Going through the listing below, tally the lines that contain the word "Used" and give only that figure.

▸ **THE DATA**:
= = = = = = =
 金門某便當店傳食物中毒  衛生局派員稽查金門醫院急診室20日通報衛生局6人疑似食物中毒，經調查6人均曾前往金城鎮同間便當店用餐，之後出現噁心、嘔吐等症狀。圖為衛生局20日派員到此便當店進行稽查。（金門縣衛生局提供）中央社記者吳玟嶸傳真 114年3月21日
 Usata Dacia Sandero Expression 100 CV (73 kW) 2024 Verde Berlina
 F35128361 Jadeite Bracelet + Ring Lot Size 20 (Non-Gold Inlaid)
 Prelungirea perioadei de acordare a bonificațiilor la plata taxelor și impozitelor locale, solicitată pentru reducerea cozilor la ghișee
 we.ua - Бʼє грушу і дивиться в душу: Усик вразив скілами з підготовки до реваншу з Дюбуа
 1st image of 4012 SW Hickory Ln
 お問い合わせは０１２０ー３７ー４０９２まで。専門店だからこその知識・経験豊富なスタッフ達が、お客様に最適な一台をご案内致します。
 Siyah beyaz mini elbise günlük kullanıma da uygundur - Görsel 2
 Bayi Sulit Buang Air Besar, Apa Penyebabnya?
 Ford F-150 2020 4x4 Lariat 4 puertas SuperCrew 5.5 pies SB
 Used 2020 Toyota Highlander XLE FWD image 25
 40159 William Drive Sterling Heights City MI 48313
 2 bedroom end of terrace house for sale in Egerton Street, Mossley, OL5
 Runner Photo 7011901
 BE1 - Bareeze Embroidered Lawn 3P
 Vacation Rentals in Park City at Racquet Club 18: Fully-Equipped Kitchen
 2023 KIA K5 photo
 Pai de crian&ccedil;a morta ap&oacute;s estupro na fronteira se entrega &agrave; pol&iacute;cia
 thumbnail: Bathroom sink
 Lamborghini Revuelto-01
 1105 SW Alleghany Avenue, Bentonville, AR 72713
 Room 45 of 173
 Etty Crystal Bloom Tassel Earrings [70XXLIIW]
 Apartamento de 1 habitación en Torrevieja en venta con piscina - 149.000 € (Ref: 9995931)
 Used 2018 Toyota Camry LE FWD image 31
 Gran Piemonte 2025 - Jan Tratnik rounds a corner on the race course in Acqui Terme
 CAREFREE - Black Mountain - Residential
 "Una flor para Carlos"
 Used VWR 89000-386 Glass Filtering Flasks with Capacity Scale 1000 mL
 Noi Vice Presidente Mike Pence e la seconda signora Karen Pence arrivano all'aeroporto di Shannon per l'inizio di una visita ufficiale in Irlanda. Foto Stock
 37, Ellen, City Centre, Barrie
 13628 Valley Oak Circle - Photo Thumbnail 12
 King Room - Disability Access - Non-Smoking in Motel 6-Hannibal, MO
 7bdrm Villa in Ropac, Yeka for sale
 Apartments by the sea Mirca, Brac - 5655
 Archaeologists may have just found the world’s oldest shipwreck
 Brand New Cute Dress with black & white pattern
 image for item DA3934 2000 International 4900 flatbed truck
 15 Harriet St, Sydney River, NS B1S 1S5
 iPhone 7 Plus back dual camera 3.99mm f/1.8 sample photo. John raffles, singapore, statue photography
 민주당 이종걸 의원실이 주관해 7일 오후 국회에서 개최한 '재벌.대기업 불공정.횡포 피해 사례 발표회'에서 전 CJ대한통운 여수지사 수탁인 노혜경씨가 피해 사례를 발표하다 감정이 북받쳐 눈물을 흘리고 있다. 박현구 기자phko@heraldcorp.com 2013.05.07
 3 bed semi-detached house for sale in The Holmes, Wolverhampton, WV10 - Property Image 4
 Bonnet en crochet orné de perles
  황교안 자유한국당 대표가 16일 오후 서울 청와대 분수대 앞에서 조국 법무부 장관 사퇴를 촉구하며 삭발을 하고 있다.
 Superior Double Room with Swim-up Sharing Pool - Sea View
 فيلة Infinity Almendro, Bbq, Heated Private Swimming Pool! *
= = = = = = =
▸ **SOLUTION TO THE PROBLEM**: 3